Le réalisateur qui réussira le premier à faire un film gore réaliste, c'est-à-dire qu'on prendra au premier degré, sera terriblement doué et aussi très sadique car son film sera proprement insupportable. Quelques-uns y sont presque arrivés : je pense bien sûr à Tobe Hooper et à son Texas Chainsaw Massacreet, dans un autre registre, à Henry, portrait of a serial killer de John Mc Naughton (1986). Ces deux films sont terribles car leur réalisme très convaincant évite - presque - toute prise de distance avec ce que les réalisateurs nous proposent. Certains réalisateurs dits gore il y a quelques années ont aujourd'hui acquis une grande notoriété et sont devenus les chouchous des critiques alors qu'ils étaient considérés comme des pestiférés auparavant. David Cronenberg et Peter Jackson en sont les meilleurs exemples. Preuve qu'il y a une vie après le gore ou que le gore n'est pas une finalité cinématographique.


  Story Board de Go Faster (c) D.R.

Objectif Cinéma : Conservez-vous toujours aujourd'hui le même regard sur le cinéma gore, le même attachement à ce genre qui n'est d'ailleurs actuellement plus très florissant ?
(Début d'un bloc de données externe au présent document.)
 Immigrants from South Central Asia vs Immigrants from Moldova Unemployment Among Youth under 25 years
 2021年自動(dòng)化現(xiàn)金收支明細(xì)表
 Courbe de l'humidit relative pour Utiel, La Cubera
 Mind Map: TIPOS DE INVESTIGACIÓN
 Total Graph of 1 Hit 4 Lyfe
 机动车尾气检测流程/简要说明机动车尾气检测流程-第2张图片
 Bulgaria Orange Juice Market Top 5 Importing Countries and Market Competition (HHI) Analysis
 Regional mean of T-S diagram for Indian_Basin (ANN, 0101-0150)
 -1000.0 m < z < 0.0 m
Pascal Stervinou : Je crois sincèrement que le cinéma gore est un cinéma propre à l'adolescence. Ce n'est pas une critique, juste une constatation. On y parle beaucoup de sexe et de mort comme si coucher avec quelqu'un (pour la première fois ?) était un danger fatal, un péché ou une punition. Je garde quand même une certaine tendresse pour ce genre de films parce qu'après tout, il est à l'origine de quelques forts souvenirs cinématographiques que je ne veux pas renier. Je ne suis jamais allé voir de films gore uniquement parce qu'ils étaient gore (je détestais la série des Vendredi 13 par exemple...) mais parce que certains d'entre eux étaient souvent de bons films. J'en ai vu de bien mauvais aussi... Il est d'ailleurs marrant de constater que le genre n'est pas tombé complètement en désuétude mais subit une sorte de renouveau grâce à des films qui flirtent avec la comédie (on y revient...) ou la parodie comme la série des Scream (Wes Craven, 1996/1997/1999) ou même Scary Movie (Keenen Ivory Wayans, 2000). Il est aussi intéressant de voir comment le gore s'immisce lentement mais sûrement dans quelques gros films américains de studio sans que le grand public s'en aperçoive forcément. Les exemples sont nombreux : les derniers films de l'impeccable Paul Verhoven (Starship Troopers, 1998, The Hollow Man, 2000) ou plus récemment The Cell (Tharsen, 2000). Ces films ne sont pas à proprement parler des films gore, mais contiennent des moments gore. Le même phénomène se produit également avec les films X. Des films comme Les Idiots (Lars Von Trier, 1999) ou Pola X (Léos Carax, 1999) proposent à leurs spectateurs de courtes mais véritables images pornographiques. Tout cela était impensable il y a encore une petite dizaine d'années.